Task: Quote the material below exactly as written, from the first line to the line that holds "Baja Llama Mens", endpoints included.

Given entries:

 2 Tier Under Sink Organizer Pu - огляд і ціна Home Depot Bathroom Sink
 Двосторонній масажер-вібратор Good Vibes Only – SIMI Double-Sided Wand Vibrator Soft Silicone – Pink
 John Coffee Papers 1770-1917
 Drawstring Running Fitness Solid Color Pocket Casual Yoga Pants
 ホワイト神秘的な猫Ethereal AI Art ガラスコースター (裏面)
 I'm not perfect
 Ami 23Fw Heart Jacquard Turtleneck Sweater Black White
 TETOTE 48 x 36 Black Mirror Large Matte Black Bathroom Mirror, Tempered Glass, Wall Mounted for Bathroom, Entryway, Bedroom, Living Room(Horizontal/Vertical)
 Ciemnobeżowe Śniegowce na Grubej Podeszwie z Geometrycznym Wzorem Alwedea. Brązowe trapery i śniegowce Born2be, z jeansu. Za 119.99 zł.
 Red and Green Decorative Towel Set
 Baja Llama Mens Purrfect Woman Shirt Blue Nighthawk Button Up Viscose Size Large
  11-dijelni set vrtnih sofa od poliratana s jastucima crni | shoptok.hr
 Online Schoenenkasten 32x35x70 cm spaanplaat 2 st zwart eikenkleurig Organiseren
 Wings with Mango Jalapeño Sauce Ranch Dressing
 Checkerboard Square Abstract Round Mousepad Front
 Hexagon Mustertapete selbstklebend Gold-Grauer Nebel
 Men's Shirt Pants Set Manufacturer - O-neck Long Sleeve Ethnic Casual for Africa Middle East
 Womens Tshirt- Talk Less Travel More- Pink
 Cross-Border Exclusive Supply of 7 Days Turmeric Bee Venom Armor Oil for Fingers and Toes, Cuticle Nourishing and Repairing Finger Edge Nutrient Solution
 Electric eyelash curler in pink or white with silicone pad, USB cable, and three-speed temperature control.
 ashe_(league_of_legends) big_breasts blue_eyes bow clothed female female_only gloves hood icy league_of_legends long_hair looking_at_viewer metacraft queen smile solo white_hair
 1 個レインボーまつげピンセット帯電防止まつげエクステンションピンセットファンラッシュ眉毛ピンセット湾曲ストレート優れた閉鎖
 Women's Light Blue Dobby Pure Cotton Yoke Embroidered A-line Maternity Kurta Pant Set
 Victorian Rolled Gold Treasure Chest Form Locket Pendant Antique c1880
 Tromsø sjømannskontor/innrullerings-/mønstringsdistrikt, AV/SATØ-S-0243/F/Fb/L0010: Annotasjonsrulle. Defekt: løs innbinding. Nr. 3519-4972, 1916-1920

Your response:
 2 Tier Under Sink Organizer Pu - огляд і ціна Home Depot Bathroom Sink
 Двосторонній масажер-вібратор Good Vibes Only – SIMI Double-Sided Wand Vibrator Soft Silicone – Pink
 John Coffee Papers 1770-1917
 Drawstring Running Fitness Solid Color Pocket Casual Yoga Pants
 ホワイト神秘的な猫Ethereal AI Art ガラスコースター (裏面)
 I'm not perfect
 Ami 23Fw Heart Jacquard Turtleneck Sweater Black White
 TETOTE 48 x 36 Black Mirror Large Matte Black Bathroom Mirror, Tempered Glass, Wall Mounted for Bathroom, Entryway, Bedroom, Living Room(Horizontal/Vertical)
 Ciemnobeżowe Śniegowce na Grubej Podeszwie z Geometrycznym Wzorem Alwedea. Brązowe trapery i śniegowce Born2be, z jeansu. Za 119.99 zł.
 Red and Green Decorative Towel Set
 Baja Llama Mens Purrfect Woman Shirt Blue Nighthawk Button Up Viscose Size Large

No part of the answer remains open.